**Work instructions**
Beginning with the first entry, print all the records exactly.

**Provided records**
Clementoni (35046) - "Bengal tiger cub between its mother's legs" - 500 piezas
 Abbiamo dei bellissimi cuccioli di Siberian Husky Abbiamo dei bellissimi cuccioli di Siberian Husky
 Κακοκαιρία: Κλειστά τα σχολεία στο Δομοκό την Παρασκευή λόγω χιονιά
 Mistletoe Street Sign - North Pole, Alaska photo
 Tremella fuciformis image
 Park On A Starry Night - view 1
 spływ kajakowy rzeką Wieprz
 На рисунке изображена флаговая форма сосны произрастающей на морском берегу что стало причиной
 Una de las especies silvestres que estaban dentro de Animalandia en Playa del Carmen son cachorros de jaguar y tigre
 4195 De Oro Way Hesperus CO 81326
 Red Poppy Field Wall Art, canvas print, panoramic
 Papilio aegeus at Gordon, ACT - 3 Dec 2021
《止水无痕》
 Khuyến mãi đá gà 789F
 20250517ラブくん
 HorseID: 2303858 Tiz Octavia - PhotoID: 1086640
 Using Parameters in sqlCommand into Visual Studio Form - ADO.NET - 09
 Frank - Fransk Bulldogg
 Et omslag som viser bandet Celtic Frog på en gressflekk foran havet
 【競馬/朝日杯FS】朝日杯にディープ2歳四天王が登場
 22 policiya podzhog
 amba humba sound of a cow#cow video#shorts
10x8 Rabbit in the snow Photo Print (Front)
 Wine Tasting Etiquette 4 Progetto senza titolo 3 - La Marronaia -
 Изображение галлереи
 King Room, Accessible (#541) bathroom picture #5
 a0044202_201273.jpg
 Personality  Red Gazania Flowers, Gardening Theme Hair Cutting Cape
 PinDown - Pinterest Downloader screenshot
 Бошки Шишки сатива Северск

**Solution for this task**
Clementoni (35046) - "Bengal tiger cub between its mother's legs" - 500 piezas
 Abbiamo dei bellissimi cuccioli di Siberian Husky Abbiamo dei bellissimi cuccioli di Siberian Husky
 Κακοκαιρία: Κλειστά τα σχολεία στο Δομοκό την Παρασκευή λόγω χιονιά
 Mistletoe Street Sign - North Pole, Alaska photo
 Tremella fuciformis image
 Park On A Starry Night - view 1
 spływ kajakowy rzeką Wieprz
 На рисунке изображена флаговая форма сосны произрастающей на морском берегу что стало причиной
 Una de las especies silvestres que estaban dentro de Animalandia en Playa del Carmen son cachorros de jaguar y tigre
 4195 De Oro Way Hesperus CO 81326
 Red Poppy Field Wall Art, canvas print, panoramic
 Papilio aegeus at Gordon, ACT - 3 Dec 2021
《止水无痕》
 Khuyến mãi đá gà 789F
 20250517ラブくん
 HorseID: 2303858 Tiz Octavia - PhotoID: 1086640
 Using Parameters in sqlCommand into Visual Studio Form - ADO.NET - 09
 Frank - Fransk Bulldogg
 Et omslag som viser bandet Celtic Frog på en gressflekk foran havet
 【競馬/朝日杯FS】朝日杯にディープ2歳四天王が登場
 22 policiya podzhog
 amba humba sound of a cow#cow video#shorts
10x8 Rabbit in the snow Photo Print (Front)
 Wine Tasting Etiquette 4 Progetto senza titolo 3 - La Marronaia -
 Изображение галлереи
 King Room, Accessible (#541) bathroom picture #5
 a0044202_201273.jpg
 Personality  Red Gazania Flowers, Gardening Theme Hair Cutting Cape
 PinDown - Pinterest Downloader screenshot
 Бошки Шишки сатива Северск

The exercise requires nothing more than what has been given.